What the exercise asks: Copy exactly the lines of the material below that run from the one containing "Tanja Otten Fotografie" through the one containing "주렁주렁 동탄점 동물 교감권 안내 사진". Copy no other lines.
Material provided START
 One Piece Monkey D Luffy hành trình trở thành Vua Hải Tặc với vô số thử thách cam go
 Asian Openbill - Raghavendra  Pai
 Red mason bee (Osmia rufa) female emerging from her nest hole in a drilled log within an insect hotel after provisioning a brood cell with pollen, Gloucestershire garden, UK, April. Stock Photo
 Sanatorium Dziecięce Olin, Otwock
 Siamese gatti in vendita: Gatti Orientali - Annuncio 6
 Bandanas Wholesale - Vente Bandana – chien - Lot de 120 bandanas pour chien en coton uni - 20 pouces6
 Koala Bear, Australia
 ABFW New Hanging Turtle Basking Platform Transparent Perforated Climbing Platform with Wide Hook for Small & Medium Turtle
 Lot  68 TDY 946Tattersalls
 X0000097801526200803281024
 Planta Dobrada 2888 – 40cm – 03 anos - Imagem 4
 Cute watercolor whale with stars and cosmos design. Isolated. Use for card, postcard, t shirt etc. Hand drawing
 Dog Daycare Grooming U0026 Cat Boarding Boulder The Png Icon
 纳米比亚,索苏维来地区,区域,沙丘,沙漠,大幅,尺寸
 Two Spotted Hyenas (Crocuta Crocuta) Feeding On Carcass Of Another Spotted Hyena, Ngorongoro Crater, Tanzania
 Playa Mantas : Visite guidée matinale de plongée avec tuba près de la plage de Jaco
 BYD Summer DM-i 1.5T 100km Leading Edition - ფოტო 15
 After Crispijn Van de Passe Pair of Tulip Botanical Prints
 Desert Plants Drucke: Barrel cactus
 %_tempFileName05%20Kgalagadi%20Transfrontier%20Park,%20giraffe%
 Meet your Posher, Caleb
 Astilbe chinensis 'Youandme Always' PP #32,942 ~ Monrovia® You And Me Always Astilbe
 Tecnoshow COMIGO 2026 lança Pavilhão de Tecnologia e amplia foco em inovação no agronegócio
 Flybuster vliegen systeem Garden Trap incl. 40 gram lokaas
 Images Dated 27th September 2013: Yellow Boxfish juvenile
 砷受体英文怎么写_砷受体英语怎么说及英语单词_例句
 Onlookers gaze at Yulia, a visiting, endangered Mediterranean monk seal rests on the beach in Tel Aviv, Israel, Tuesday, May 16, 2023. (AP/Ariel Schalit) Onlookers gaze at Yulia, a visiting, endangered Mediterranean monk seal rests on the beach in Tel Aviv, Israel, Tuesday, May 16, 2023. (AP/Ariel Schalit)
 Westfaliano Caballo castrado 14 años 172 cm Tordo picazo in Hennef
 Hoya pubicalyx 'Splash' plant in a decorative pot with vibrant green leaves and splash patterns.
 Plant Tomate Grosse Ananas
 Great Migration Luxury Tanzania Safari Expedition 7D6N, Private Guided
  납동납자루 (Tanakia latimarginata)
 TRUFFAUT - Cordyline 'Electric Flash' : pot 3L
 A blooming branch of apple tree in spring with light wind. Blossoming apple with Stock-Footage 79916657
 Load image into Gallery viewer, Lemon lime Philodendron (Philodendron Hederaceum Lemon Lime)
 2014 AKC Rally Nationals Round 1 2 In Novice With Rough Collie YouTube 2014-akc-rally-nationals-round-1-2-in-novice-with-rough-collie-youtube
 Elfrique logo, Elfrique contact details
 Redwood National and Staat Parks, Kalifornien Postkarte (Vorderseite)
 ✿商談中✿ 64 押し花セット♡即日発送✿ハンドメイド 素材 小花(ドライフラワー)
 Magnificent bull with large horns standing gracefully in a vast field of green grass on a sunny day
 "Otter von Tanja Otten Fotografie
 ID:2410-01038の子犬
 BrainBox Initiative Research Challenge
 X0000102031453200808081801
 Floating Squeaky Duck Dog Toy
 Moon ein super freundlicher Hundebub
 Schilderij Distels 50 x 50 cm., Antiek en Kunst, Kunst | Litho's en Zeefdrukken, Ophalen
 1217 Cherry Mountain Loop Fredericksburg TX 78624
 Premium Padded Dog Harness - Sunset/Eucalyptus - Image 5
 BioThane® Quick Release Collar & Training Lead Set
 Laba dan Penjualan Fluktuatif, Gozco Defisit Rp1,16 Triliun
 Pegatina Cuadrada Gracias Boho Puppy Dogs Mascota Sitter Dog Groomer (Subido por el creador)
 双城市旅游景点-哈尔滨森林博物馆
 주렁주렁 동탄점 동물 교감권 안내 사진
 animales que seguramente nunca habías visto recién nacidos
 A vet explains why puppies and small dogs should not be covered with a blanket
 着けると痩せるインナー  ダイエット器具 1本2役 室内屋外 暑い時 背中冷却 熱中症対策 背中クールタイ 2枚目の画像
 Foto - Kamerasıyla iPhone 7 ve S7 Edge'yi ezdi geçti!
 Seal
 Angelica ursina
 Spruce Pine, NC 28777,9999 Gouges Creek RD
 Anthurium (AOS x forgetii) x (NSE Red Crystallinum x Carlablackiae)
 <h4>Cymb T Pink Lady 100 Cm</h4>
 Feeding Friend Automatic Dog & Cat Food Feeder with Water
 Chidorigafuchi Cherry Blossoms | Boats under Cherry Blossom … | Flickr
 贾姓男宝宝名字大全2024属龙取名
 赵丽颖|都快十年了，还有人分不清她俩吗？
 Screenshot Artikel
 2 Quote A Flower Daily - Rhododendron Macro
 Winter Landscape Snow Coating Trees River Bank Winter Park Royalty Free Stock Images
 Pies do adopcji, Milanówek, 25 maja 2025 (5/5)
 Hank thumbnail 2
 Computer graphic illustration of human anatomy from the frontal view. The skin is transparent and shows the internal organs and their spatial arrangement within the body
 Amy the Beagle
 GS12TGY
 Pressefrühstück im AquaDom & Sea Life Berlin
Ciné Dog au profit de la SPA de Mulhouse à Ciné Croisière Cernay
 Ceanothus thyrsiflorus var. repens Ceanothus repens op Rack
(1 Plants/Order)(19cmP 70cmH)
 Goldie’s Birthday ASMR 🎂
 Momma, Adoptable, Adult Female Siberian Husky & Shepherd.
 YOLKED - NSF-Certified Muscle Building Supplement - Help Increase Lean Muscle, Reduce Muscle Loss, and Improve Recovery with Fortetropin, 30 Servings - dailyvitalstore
Material provided END
Final answer:
 "Otter von Tanja Otten Fotografie
 ID:2410-01038の子犬
 BrainBox Initiative Research Challenge
 X0000102031453200808081801
 Floating Squeaky Duck Dog Toy
 Moon ein super freundlicher Hundebub
 Schilderij Distels 50 x 50 cm., Antiek en Kunst, Kunst | Litho's en Zeefdrukken, Ophalen
 1217 Cherry Mountain Loop Fredericksburg TX 78624
 Premium Padded Dog Harness - Sunset/Eucalyptus - Image 5
 BioThane® Quick Release Collar & Training Lead Set
 Laba dan Penjualan Fluktuatif, Gozco Defisit Rp1,16 Triliun
 Pegatina Cuadrada Gracias Boho Puppy Dogs Mascota Sitter Dog Groomer (Subido por el creador)
 双城市旅游景点-哈尔滨森林博物馆
 주렁주렁 동탄점 동물 교감권 안내 사진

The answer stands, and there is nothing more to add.